TASK STATEMENT → Give again only the lines from the line that holds "2019 wesołych świąt" to the end of the data, inclusive, omitting all pictures.

Source records →
********************
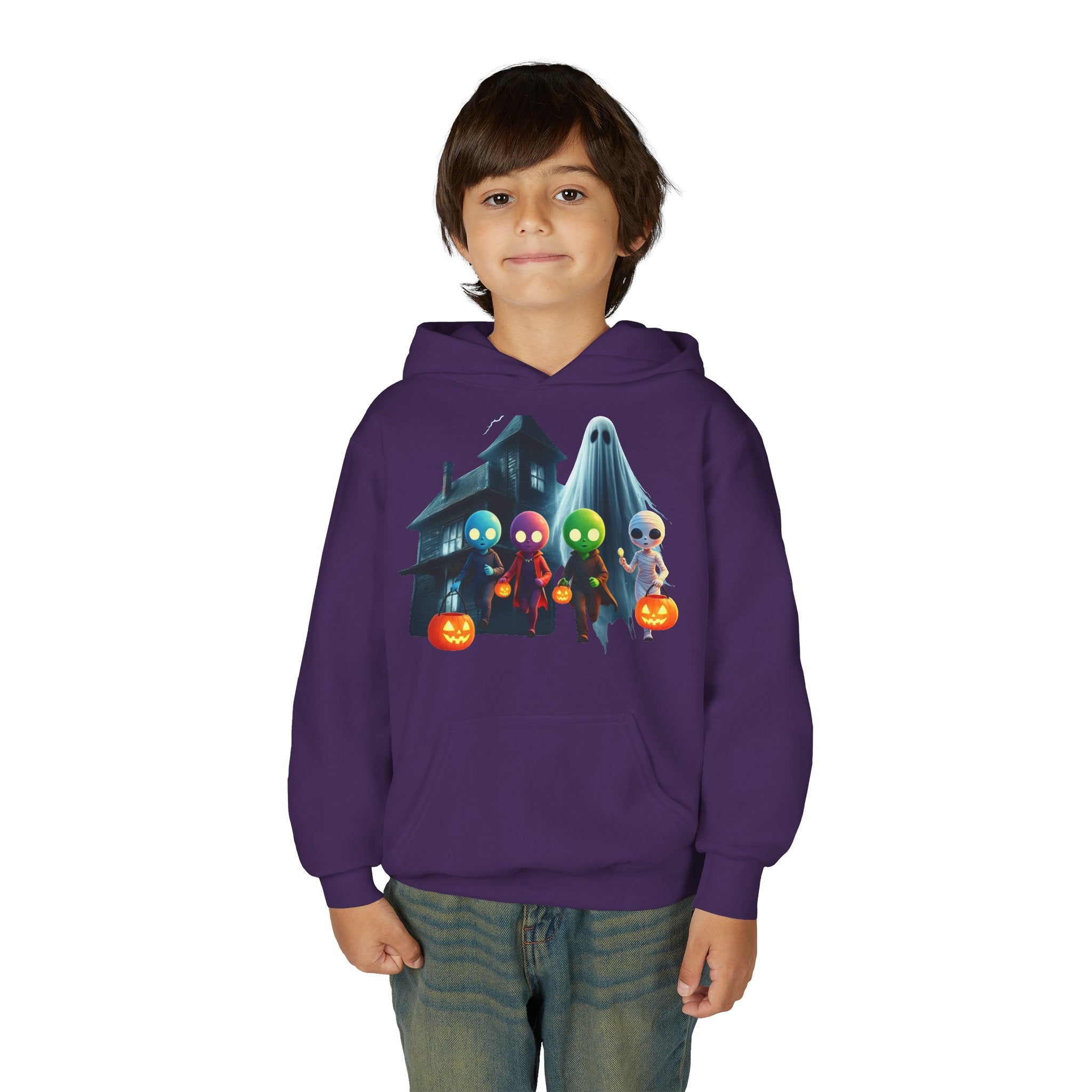 VYBZ "Aliens & Ghost" Youth Hooded Sweatshirt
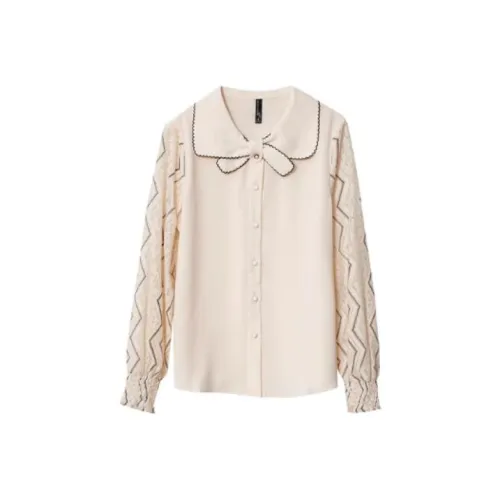 OUNIXUE Абрикос Женские Рубашки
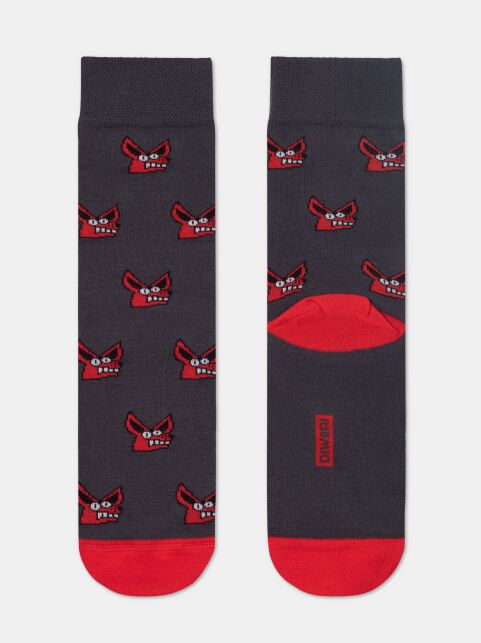 Хлопковые носки с рисунком «Fox», модель 193 - купить в интернет-магазине Conte
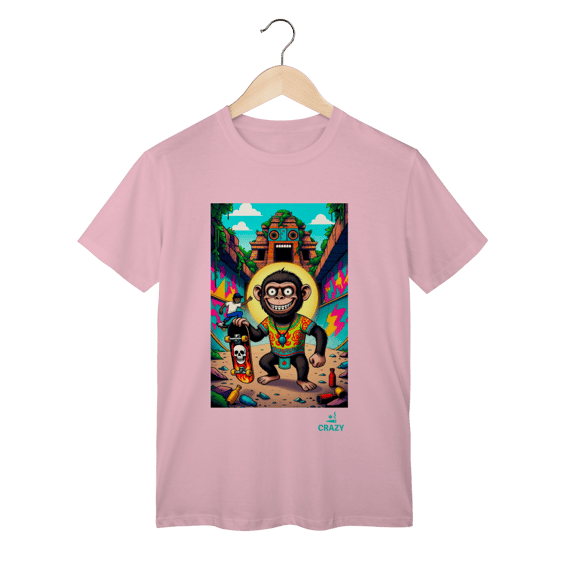 Camiseta Macaco Skatista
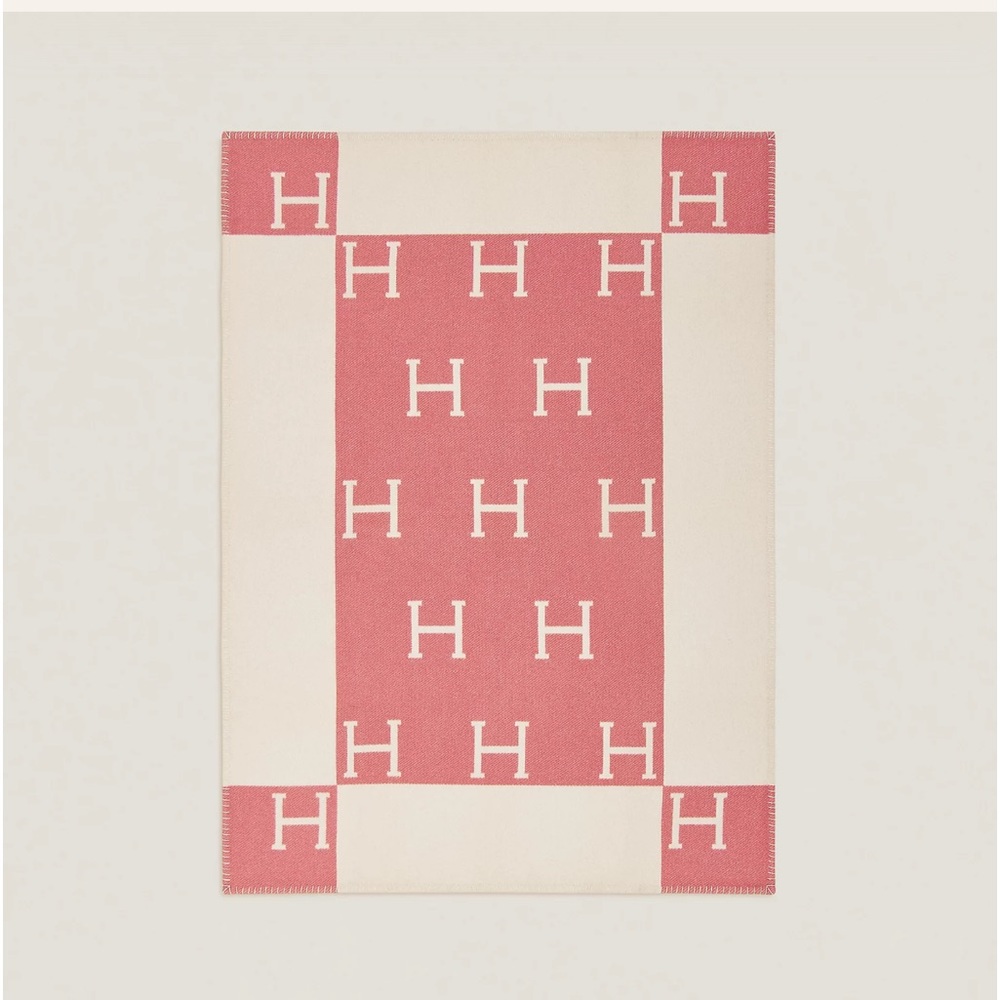 HERMES Avalon baby blanket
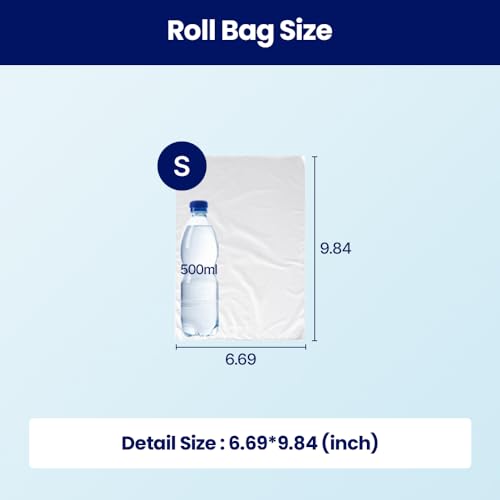 CLEANWRAP Food Storage Roll Bags (6.69 * 9.84-200 PCS) - Mother's Day Gifts for Mom - Roll Food Bags, Mini & Produce Bags - size: Small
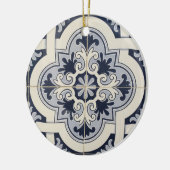 ポルトガルのパーソナライズな陶磁器のオーナメントのタイル セラミックオーナメント (左)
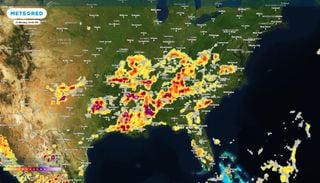 Severe weather threatens several states on Monday as a cold front crashes into a heat dome in the South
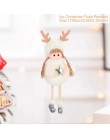 2019 wesołych świąt Elf Decor śliczne siedzi długonogie lalki noworoczny prezent dekoracje świąteczne dla domu Navidad Natal Noe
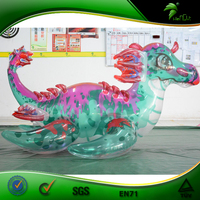 Matériau souple gonflable géant Dragon transparent piscine gonflable animaux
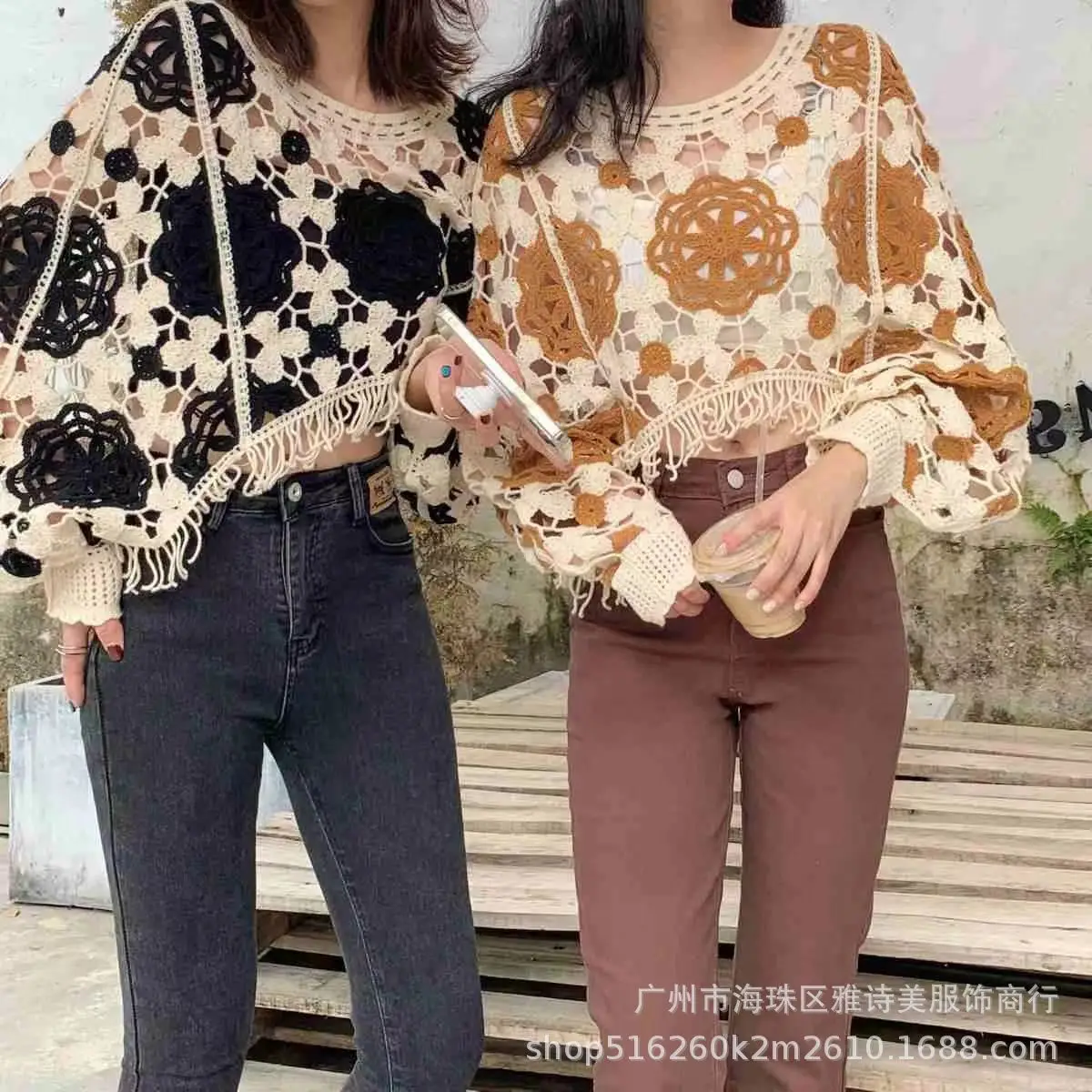 New Korean Style Hollow Crochet Sweater Women - Image 7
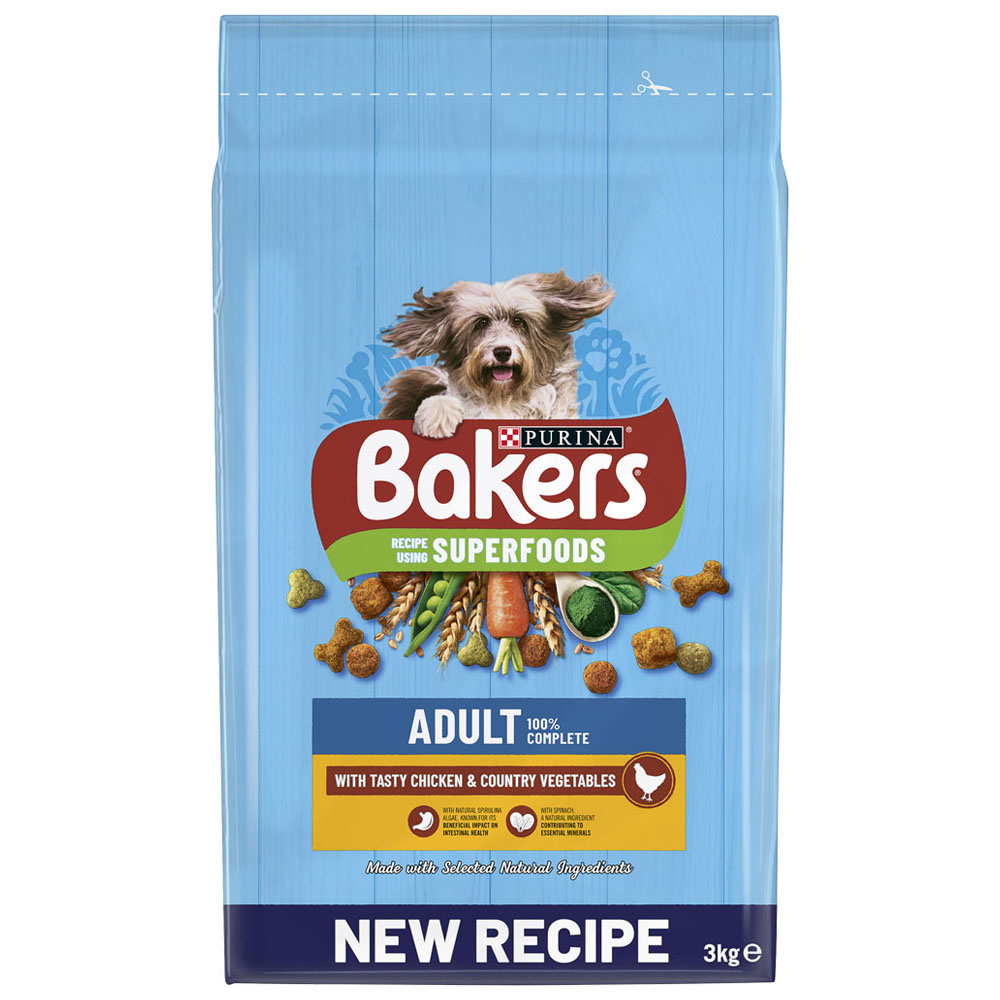 Bakers Chicken and Veg Dry Dog Food 3kg   Image 3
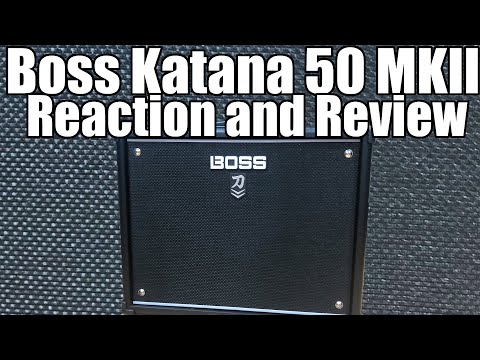 Boss Katana 50 MkII Review Reaction and Jam
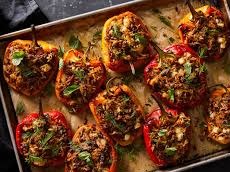 Lamb & Olive Stuffed Capsicum w/Napoli Sauce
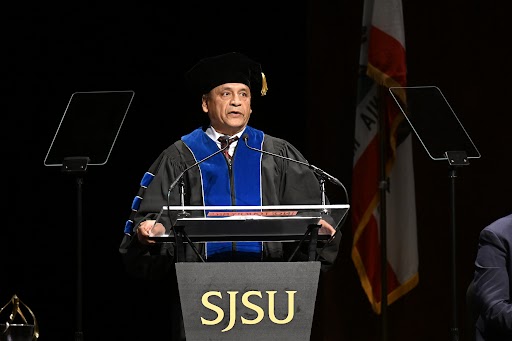 Harish Chander speaking at the 31st President's Investiture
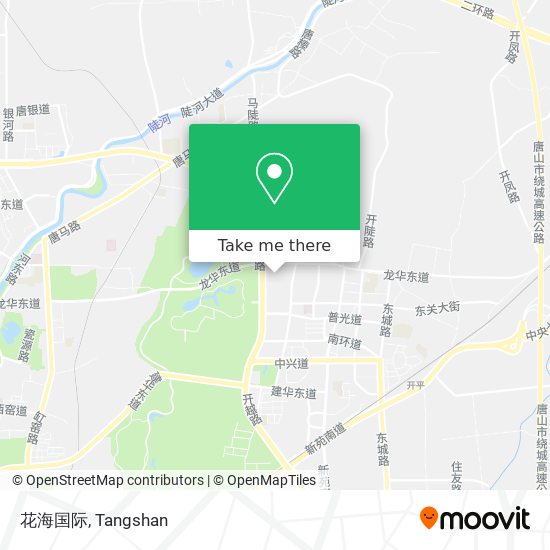 花海国际 map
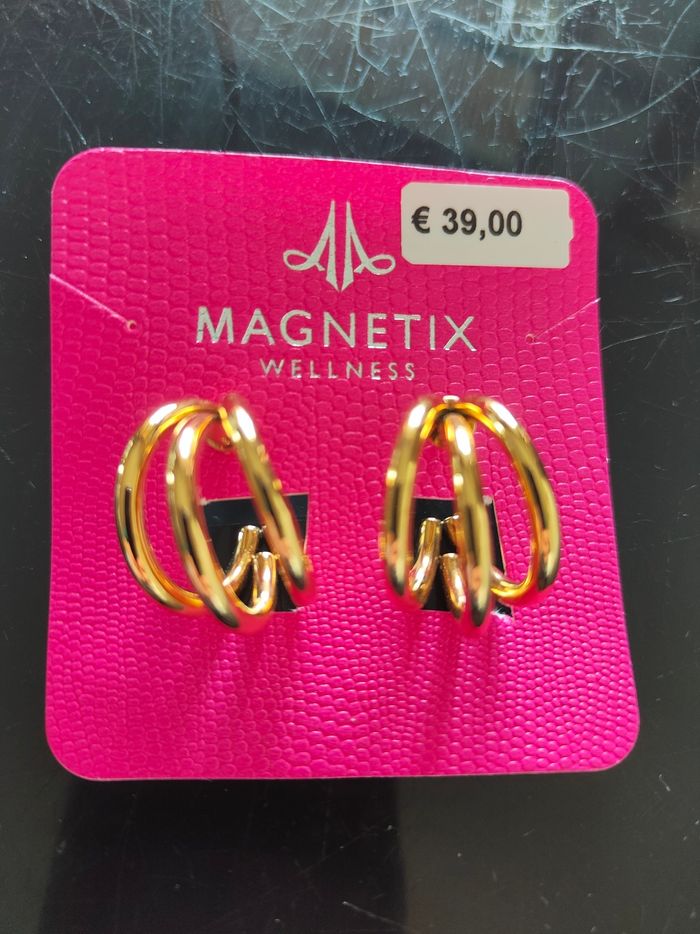 Boucles d'oreilles magnétiques plaquées or
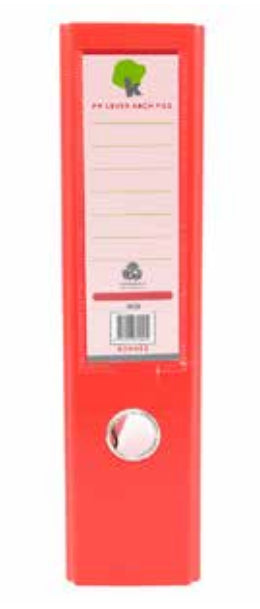 Techmakro KITCARP10RJ carpeta de cartón Carta Rojo, Anillo D, Almacenamiento, Cloruro de polivinilo (PVC)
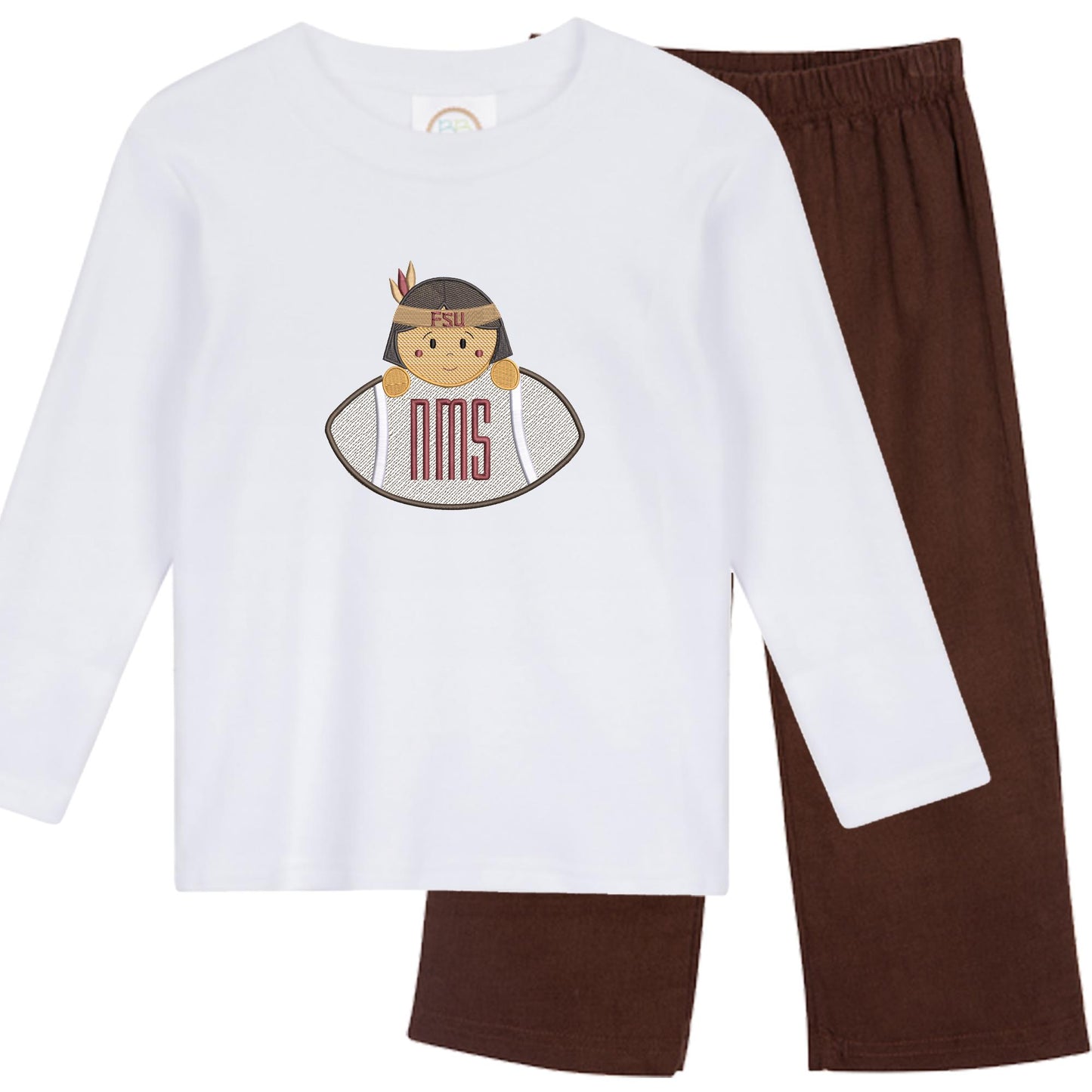 FSU boys' long sleeve outfit with corduroy pants
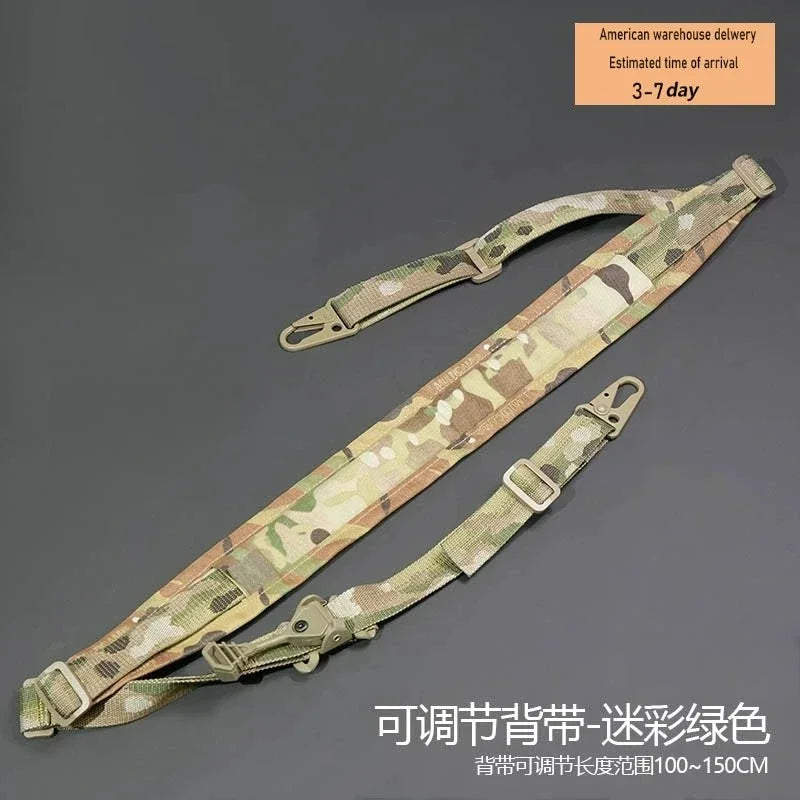 Modular Tactical Rifle Sling With Padded Design For Shooting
********************
SOLUTION TO THIS EXERCISE →
 2019 wesołych świąt Elf Decor śliczne siedzi długonogie lalki noworoczny prezent dekoracje świąteczne dla domu Navidad Natal Noe
 Matériau souple gonflable géant Dragon transparent piscine gonflable animaux
 New Korean Style Hollow Crochet Sweater Women - Image 7
 Bakers Chicken and Veg Dry Dog Food 3kg   Image 3
 Boss Katana 50 MkII Review Reaction and Jam
 Lamb & Olive Stuffed Capsicum w/Napoli Sauce
 Harish Chander speaking at the 31st President's Investiture
 花海国际 map
 Boucles d'oreilles magnétiques plaquées or
 Techmakro KITCARP10RJ carpeta de cartón Carta Rojo, Anillo D, Almacenamiento, Cloruro de polivinilo (PVC)
 FSU boys' long sleeve outfit with corduroy pants
 Modular Tactical Rifle Sling With Padded Design For Shooting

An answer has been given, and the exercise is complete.